Gunmen in Ingushetia Target Police, Kill Supreme Court Deputy Chairman

Publication: North Caucasus Weekly Volume: 9 Issue: 15

Newsru.com, citing the Ingushetiya.ru website, reported on April 16 that a “pitched battle” was taking place in the Ingush town of Karabulak. Ingushetiya.ru quoted local residents as saying that gunfire, machinegun bursts and explosions could be heard in the area of a base belonging to the Ingush Interior Ministry’s OMON special police unit, at which a mobile unit of the federal Interior Ministry from Moscow is deployed. The websites reported that the base was attacked by assailants armed with guns and grenade-launchers and that several fires broke out in various areas inside the base’s perimeter.

The following day, April 17, RIA Novosti, quoted a local police source as saying that six officers from a special purpose police unit had been injured in a rocket attack on the base and that the rockets had been fired by unidentified attackers from a nearby forest.
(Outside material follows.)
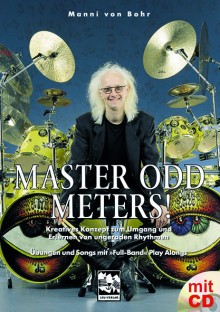 Master Odd Meters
One of the rockets hit the house of a local resident, the news agency reported. The source said that the police returned fire and that a local resident was subsequently detained on suspicion of involvement in the attack. Kavkazky Uzel on April 17 quoted a Russian military source as saying that among those wounded were the commander of the mobile Interior Ministry unit deployed from Moscow, a police colonel and four policemen deployed from Perm Krai, the Tula and Belgorod oblasts and the Jewish Autonomous Oblast. According to Interfax, the mobile unit commander was gravely injured.

The rebel Islamist Kavkaz-Center website posted a report dated April 16, which stated that the attack on the base was carried out by “mujahideen” using machineguns and grenade launchers. The report gave no further details.

Another incident took place in Karabulak on April 13, when unidentified gunmen shot and killed Khasan Yandiev, deputy chairman of Ingushetia’s Supreme Court. “The Moscow Times” on April 14 quoted a law-enforcement official as telling RIA Novosti that Yandiev was driving his Mercedes through Karabulak when the assailants fired automatic weapons at his vehicle. The official said the gunmen fled immediately and that Yandiev died at the scene from multiple gunshot wounds. RIA Novosti’s source said that Yandiev had presided over a number of high-profile trials of local rebels and officials charged with corruption and that investigators believe he was murdered because of his work. An item posted to the rebel Islamist Kavkaz-Center website on April 13 called Yandiev a “murtad” (apostate) who had handed down “punitive” sentences against captured “mujahideen” and ordinary citizens in Ingushetia. The posting, however, did not include a claim of responsibility for the assassination.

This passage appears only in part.